Yeah, I've heard it from enough people to make me think it's not that tough.

But then again losing about $2.5 K (the exam fee) would not be nice, nor going back to work in my outpatient office where my next door neighbor is one of the nation's top forensic psychiatrists, and you know he'll ask me, "So James, how was the exam?"

I sure as heck don't want to tell him I failed it.
 
I also bought "Study Guide to Forensic Psychiatry, A Companion to the American Psychiatric Publishing Textbook of Forensic Psychiatry" which is a question book. It's a 2006 publication so perhaps a bit outdated (though only in terms of recent law; the concepts are still important.)

I got the book and finished all the questions.

First, I bet the ABPN uses the same textbook that this book used the material for questions because it's an APPI publication and that's owned by the APA. It hardly gets more official than that.

The questions were well-written in a grammatical and information-digesting format.

Here's the main problem: Several of the questions are wrong even though I'd bet they used the information from the textbook correctly.

Here's what I'm talking about.

One question asks about the HCR-20, if it's an actuarial tool. It's not. The answer key says it is. It's not an actuarial tool. I know. I talked to the damn guy who made it. His entire point with the HCR-20 and why it's better than an actuarial tool is because it combines elements of clinical observation, judgment, what's going to happen in the near future with actuarial data.
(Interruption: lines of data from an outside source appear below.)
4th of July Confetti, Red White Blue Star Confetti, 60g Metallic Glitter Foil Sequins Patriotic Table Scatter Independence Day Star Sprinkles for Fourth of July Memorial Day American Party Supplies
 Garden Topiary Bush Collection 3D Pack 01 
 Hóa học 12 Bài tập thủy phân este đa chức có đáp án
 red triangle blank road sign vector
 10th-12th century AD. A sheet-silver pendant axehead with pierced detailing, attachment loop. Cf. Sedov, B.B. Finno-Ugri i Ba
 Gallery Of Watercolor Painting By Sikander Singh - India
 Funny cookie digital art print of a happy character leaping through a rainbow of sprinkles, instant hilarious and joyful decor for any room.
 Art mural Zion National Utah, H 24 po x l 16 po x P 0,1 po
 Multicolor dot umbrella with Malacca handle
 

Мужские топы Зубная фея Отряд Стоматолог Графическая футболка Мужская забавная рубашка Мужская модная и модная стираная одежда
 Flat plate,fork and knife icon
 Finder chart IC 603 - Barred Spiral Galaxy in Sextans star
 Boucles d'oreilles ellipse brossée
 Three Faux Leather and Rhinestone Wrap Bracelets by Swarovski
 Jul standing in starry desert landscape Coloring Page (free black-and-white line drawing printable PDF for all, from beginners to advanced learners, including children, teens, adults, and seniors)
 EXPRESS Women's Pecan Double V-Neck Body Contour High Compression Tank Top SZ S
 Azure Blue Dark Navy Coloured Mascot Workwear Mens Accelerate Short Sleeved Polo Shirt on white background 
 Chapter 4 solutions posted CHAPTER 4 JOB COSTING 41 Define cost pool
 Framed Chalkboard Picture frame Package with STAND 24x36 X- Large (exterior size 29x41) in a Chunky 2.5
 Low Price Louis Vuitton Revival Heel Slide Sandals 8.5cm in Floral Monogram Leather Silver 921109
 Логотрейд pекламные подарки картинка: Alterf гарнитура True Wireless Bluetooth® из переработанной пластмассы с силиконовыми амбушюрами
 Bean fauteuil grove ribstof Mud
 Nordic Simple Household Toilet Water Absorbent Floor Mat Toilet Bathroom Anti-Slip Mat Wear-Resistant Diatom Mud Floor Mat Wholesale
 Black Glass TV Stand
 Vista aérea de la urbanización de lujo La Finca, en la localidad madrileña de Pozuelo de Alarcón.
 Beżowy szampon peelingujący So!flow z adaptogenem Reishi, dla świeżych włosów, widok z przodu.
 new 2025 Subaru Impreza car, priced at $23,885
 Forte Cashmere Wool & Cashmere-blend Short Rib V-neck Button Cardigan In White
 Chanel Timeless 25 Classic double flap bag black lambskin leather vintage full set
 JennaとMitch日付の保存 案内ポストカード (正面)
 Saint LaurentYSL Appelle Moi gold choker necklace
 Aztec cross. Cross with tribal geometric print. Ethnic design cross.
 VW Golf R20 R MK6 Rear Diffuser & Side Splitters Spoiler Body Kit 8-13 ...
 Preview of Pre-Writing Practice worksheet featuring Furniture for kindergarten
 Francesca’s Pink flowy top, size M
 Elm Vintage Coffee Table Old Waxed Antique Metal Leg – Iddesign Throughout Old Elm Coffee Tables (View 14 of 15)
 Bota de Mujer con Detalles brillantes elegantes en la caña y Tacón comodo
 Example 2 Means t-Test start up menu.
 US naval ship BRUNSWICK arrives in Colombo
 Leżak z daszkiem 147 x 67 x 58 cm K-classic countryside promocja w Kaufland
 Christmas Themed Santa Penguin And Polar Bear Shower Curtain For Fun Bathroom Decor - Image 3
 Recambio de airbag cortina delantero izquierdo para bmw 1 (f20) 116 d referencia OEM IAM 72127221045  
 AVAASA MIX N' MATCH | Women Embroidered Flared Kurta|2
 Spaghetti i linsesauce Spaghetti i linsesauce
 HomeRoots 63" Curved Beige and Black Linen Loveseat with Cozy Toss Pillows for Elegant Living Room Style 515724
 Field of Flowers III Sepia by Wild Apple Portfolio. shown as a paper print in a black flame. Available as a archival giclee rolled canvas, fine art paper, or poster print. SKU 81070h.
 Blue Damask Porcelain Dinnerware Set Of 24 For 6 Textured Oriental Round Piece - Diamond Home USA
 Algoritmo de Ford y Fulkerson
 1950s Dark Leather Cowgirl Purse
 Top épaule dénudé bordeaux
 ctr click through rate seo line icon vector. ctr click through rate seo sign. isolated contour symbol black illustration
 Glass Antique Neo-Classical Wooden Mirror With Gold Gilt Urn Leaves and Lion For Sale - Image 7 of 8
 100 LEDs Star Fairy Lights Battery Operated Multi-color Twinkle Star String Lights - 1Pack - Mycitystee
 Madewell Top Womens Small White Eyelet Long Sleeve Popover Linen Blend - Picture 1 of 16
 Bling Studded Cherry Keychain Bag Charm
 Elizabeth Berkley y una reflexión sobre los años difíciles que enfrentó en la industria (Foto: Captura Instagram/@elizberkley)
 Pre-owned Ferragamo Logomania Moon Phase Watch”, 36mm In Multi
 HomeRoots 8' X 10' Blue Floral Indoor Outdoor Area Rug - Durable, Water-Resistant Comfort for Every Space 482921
It's really a combined evaluation tool. and combined data shows better results and that's the entire freaking reason why he made the exam and didn't want to use existing actuarial tools. In the AAPL review course, Resnick says it's not an actuarial tool either.

So what's the right answer? The APPI textbook says it's actuarial, the author of the test says it's not, AAPL says it isn't. It does have a history section on it is that is actuarial so one could say it is one or it isn't one based completely on the semantics.

This is the same exact crap I couldn't stand about being a medstudent or taking the USMLEs. I'd know the REAL right answer but still get the answer wrong on the test. Now being a professor, I see several professors making stupid questions and putting very little thought process into it, and when the students get the question wrong when in fact they knew the stuff, they don't seem to care.

That's just one example. There's other questions where the way AAPL teaches it that is in contradiction with the way the APPI textbook explains it. If I had to pick one over the other, I'm going with AAPL cause they update their material every year, but this is sure as heck one thing I don't like cause I bet the people who made the forensic board exam are using the APPI textbook as their main source.

At least the majority of the questions are right, and some of then are outdated so they were right at one time.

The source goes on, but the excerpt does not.